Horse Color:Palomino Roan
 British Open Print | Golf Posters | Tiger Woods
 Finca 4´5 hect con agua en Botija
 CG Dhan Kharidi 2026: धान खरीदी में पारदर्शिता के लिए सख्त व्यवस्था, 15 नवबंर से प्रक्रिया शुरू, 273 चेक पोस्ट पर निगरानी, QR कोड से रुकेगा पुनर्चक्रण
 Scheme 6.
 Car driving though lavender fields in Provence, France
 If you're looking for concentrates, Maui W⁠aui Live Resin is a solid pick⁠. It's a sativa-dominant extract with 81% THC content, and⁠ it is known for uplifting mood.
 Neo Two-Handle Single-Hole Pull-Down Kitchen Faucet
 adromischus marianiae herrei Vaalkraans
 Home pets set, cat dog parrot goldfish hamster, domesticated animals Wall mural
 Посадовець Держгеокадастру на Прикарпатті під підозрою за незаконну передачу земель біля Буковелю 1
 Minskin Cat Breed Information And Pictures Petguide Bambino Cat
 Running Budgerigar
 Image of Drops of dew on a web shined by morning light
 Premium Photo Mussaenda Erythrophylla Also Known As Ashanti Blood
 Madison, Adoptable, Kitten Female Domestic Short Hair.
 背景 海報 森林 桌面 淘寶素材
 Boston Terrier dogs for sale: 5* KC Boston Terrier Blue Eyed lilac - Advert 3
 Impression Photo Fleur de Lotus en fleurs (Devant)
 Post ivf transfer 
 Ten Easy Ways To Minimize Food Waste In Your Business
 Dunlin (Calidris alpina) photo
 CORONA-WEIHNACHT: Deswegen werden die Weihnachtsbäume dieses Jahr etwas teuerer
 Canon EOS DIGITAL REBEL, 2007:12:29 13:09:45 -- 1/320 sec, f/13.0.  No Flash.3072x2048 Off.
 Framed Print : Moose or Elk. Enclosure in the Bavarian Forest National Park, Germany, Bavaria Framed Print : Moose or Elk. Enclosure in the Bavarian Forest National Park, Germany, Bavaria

::::::

### WHAT TO DO
Up to and including the line that contains "Running Budgerigar", restate each line of the material above word for word, beginning with its first line.

### TASK RESULT
Horse Color:Palomino Roan
 British Open Print | Golf Posters | Tiger Woods
 Finca 4´5 hect con agua en Botija
 CG Dhan Kharidi 2026: धान खरीदी में पारदर्शिता के लिए सख्त व्यवस्था, 15 नवबंर से प्रक्रिया शुरू, 273 चेक पोस्ट पर निगरानी, QR कोड से रुकेगा पुनर्चक्रण
 Scheme 6.
 Car driving though lavender fields in Provence, France
 If you're looking for concentrates, Maui W⁠aui Live Resin is a solid pick⁠. It's a sativa-dominant extract with 81% THC content, and⁠ it is known for uplifting mood.
 Neo Two-Handle Single-Hole Pull-Down Kitchen Faucet
 adromischus marianiae herrei Vaalkraans
 Home pets set, cat dog parrot goldfish hamster, domesticated animals Wall mural
 Посадовець Держгеокадастру на Прикарпатті під підозрою за незаконну передачу земель біля Буковелю 1
 Minskin Cat Breed Information And Pictures Petguide Bambino Cat
 Running Budgerigar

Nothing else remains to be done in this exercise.